Each line below from the line with "8245725 - Property Image 2" to the line with "Bulb007 Bulb 120V 40W ELECTRICAL LIGHTS" must be copied exactly, including those two, and no picture may appear in the copy.

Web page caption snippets
▼
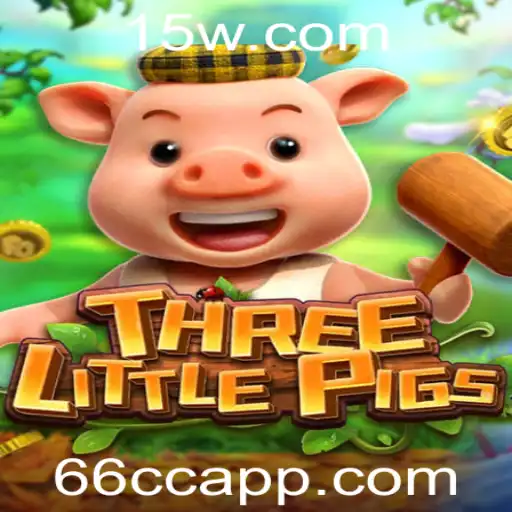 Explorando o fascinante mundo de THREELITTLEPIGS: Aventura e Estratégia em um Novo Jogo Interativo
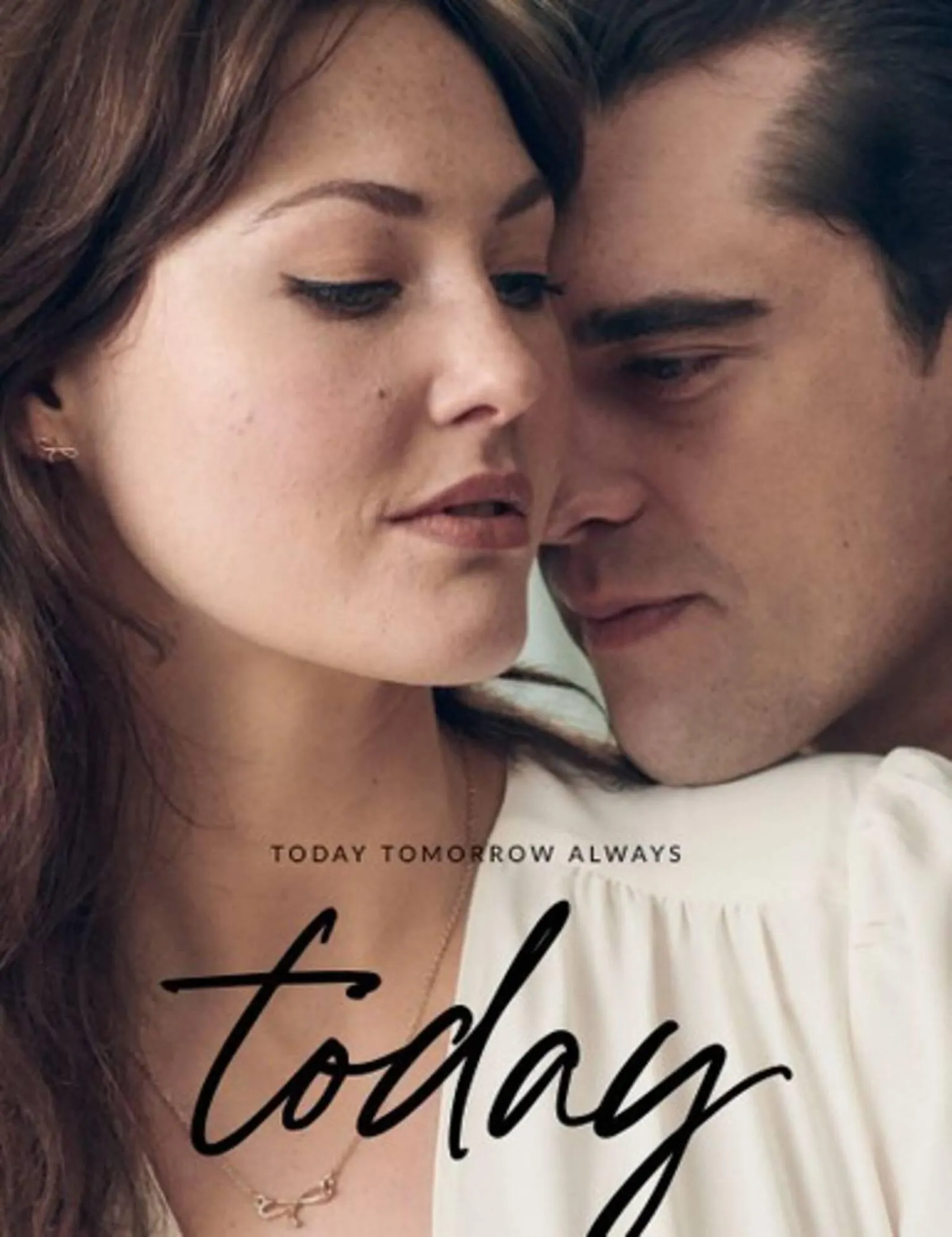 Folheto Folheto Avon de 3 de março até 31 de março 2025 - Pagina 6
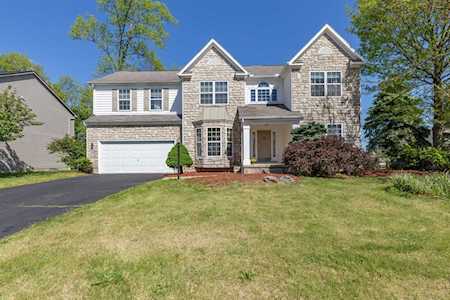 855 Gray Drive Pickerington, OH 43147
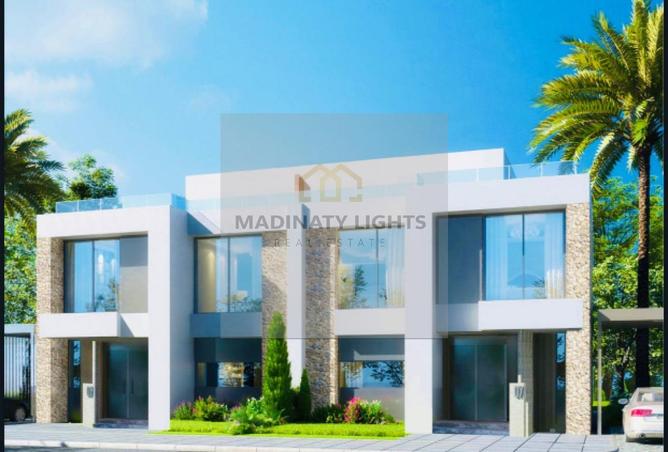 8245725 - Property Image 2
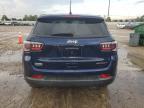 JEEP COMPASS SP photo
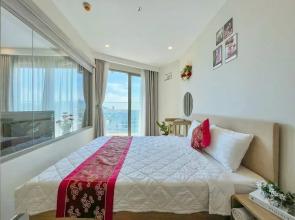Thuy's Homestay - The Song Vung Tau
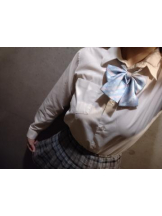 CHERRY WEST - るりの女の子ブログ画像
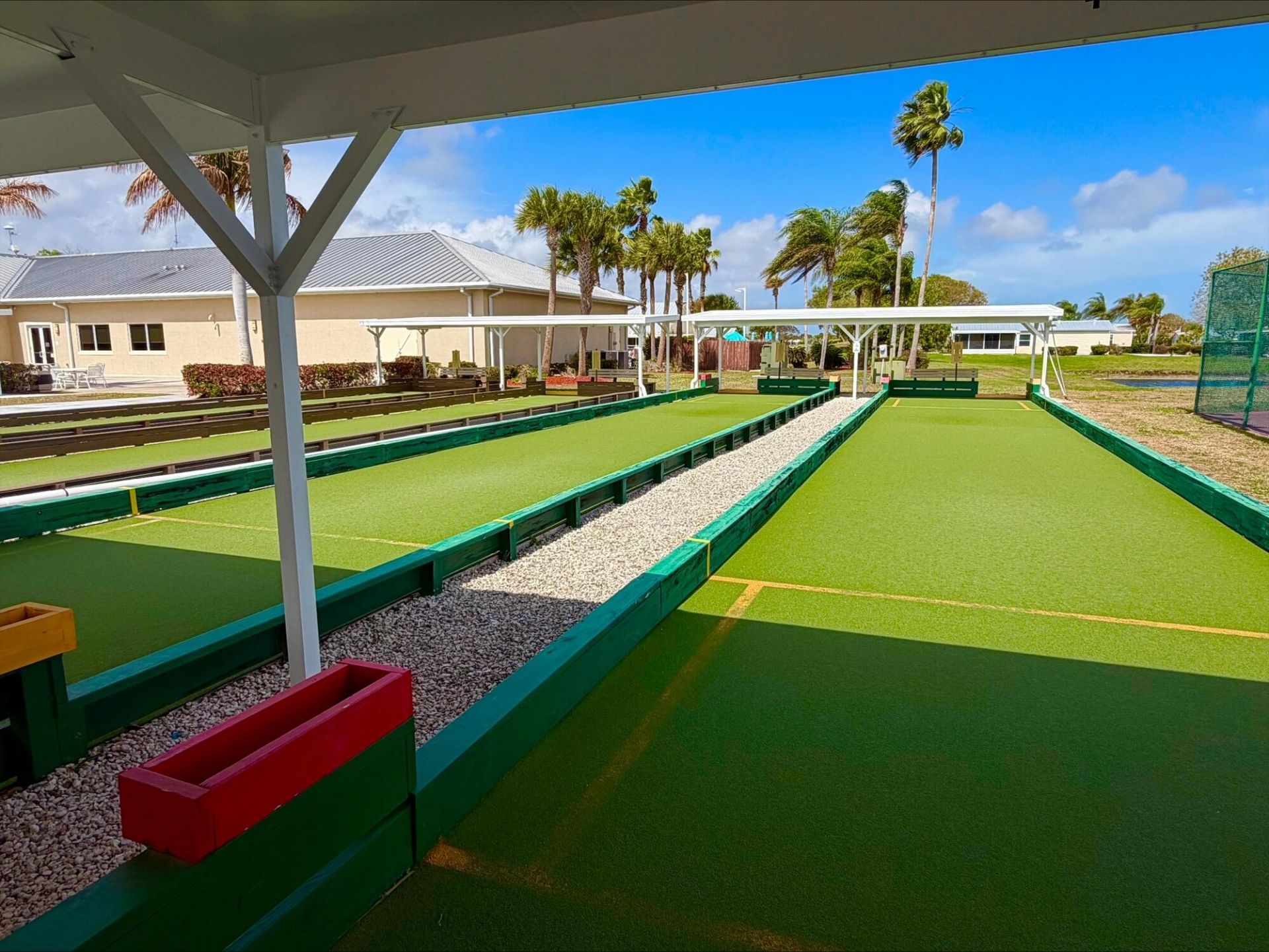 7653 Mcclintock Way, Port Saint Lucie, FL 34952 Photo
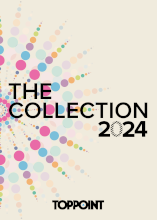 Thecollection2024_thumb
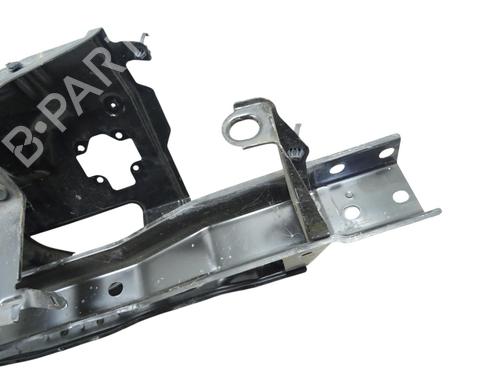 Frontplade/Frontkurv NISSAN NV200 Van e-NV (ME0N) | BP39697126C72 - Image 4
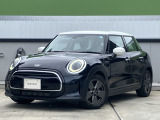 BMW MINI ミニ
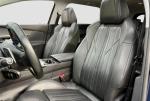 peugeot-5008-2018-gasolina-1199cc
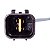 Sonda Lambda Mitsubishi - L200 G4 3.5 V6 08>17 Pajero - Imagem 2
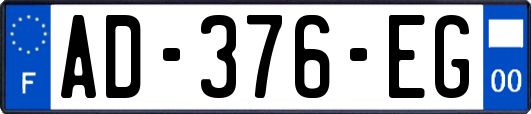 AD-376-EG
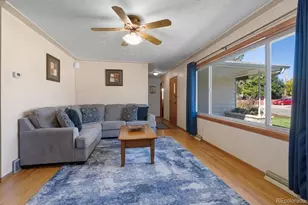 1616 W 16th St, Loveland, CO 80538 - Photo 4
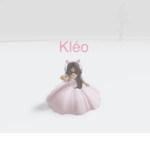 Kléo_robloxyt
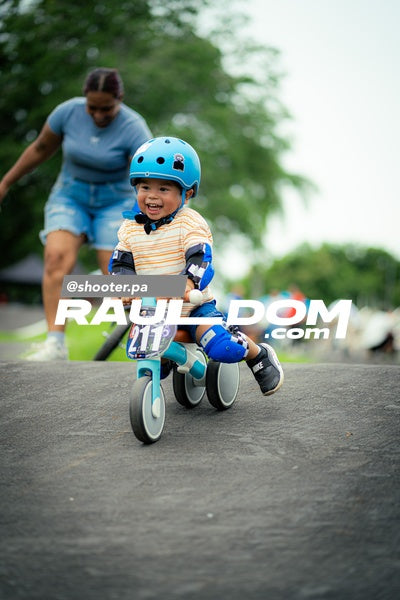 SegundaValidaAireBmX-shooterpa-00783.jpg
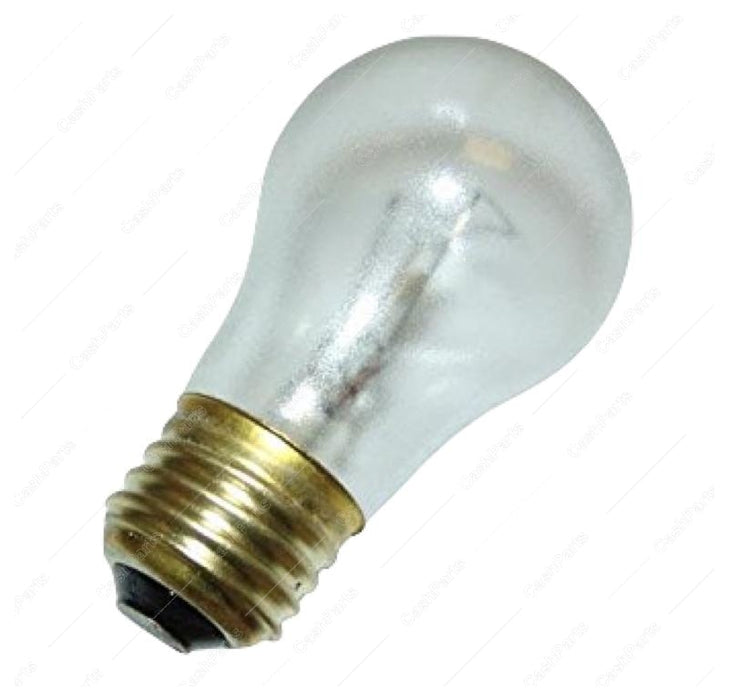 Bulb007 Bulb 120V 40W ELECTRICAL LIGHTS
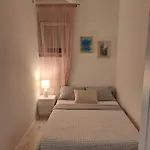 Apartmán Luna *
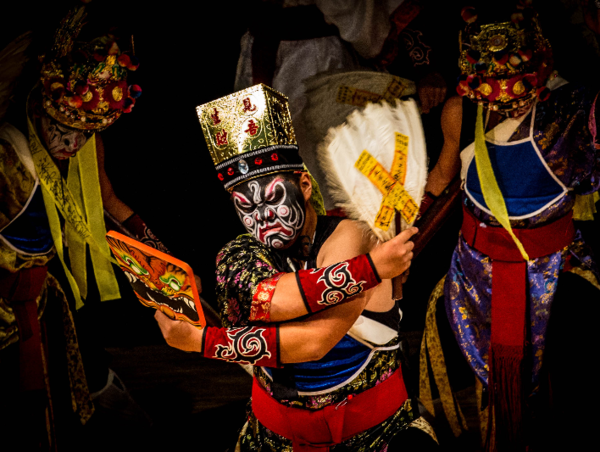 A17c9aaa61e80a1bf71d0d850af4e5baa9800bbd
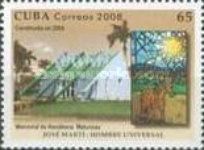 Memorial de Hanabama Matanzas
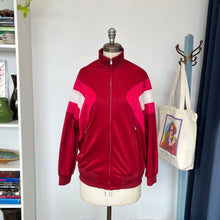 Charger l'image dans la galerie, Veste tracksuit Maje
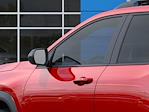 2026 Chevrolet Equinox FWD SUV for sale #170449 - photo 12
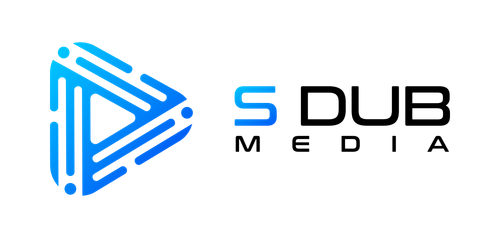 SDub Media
▲
◆ Answer for this exercise ◆
 8245725 - Property Image 2
 JEEP COMPASS SP photo
Thuy's Homestay - The Song Vung Tau
 CHERRY WEST - るりの女の子ブログ画像
 7653 Mcclintock Way, Port Saint Lucie, FL 34952 Photo
 Thecollection2024_thumb
 Frontplade/Frontkurv NISSAN NV200 Van e-NV (ME0N) | BP39697126C72 - Image 4
 BMW MINI ミニ
 peugeot-5008-2018-gasolina-1199cc
 Sonda Lambda Mitsubishi - L200 G4 3.5 V6 08>17 Pajero - Imagem 2
 AD-376-EG
 1616 W 16th St, Loveland, CO 80538 - Photo 4
 Kléo_robloxyt
 SegundaValidaAireBmX-shooterpa-00783.jpg
 Bulb007 Bulb 120V 40W ELECTRICAL LIGHTS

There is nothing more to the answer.